In her unusual and fascinating Networking Peripheries, communications researcher Anita Say Chan uses two disparate but connected themes from Peru's recent history to shed light on the interplay between technology and social change at a development crossroads. One is the creation of a legal framework supporting open software. The other is the government's push to codify artisanal traditions — a process that has awakened Peruvians' interest in how intellectual property is managed in the Internet age.

MARTIN MEJIA/AP

Peruvian children with computers from the One Laptop Per Child Project.

As Chan reveals, the path that Peru has taken to develop information technology has significantly altered the aspirations of its rural population — perhaps even more than those of its urban elite — through an appreciation of “local realities”. Focusing on the movement known as Free/Libre/Open Source Software (FLOSS), Chan shows us how, in 2005, Peru became one of the first countries to pass a law requiring public institutions to exercise technological neutrality — that is, to consider FLOSS options — when they decide which software to use. This was, Chan suggests, largely the result of populist campaigns by collectives of free-software advocates seeking to challenge the dominance of closed proprietary standards.

Chan also discusses the local rollout of the One Laptop Per Child project. This global initiative to provide every child with access to a low-cost, Internet-connected computer demonstrates the need for careful introduction of large-scale technology projects. In some instances, Chan shows, the delivery of technology seems to have been regarded by civic authorities as a complete outcome in itself, rather than a single step in a chain enabling development or reform through active engagement and learning. But as Chan explains, the efforts of teachers, trainers and fellow learners using specific local skills and contacts to carry the programme forward provide interesting, potentially replicable models for processes such as the development and sharing of locally relevant training materials.
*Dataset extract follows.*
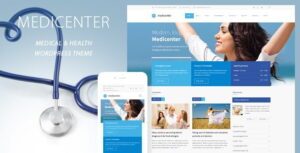 MediCenter WordPress Theme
These instances show Peruvians adapting new technologies in harmony with their own culture. By contrast, Chan reveals, government-backed artisanal projects may threaten local, traditional technologies with new but alien ones. The codification initiative aimed to standardize designs and techniques in ceramics production at 400 workshops in the town of Chulucanas, using larger-scale, non-traditional production methods. The result was a range of intellectual-property issues, such as the alleged exploitation of craftspeople and the loss of local cultural integrity through attempts at homogenization for a global market. The rise of a broad-ranging “information class” of growing ubiquity across the social landscape provides a real mechanism for resolving those issues.

Networking Peripheries reveals a Peru moving towards a dynamic and diverse future, in terms of both technology and culture. Chan clearly has a high regard, and legitimate concern, for the people and organizations she has engaged with — artisans, teachers, government officials, activists. Anyone who feels that they already understand the full impact of Internet technology on human culture and community may be surprised and intrigued by the first-hand material presented in this important text.